▸ **MATERIAL PROVIDED**:
────
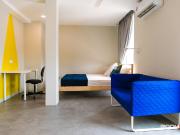 Work At Mytown Cheras ? Rent This ZERO DEPOSIT Room 8...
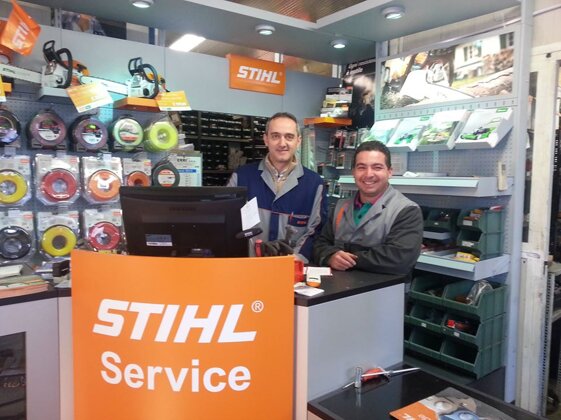 d928e5b6-0038-4583-b0a7-d256ba17921d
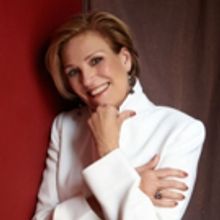 Karen Mason, Richard Todd Adams, and More Set For NiCori Studios & Productions'…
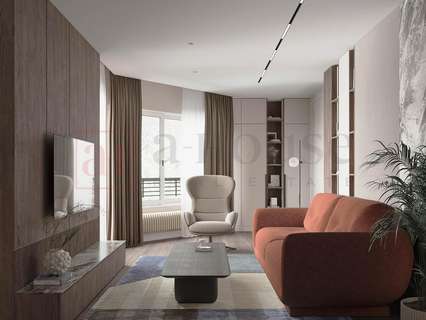 Piso en venta en Barcelona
────
▸ **WORK INSTRUCTIONS**:
Only the lines from the one containing "Karen Mason, Richard" through the last line of the data may appear in the answer, each given again exactly and with pictures left out.

▸ **ANSWER FOR THIS EXERCISE**:
 Karen Mason, Richard Todd Adams, and More Set For NiCori Studios & Productions'…
 Piso en venta en Barcelona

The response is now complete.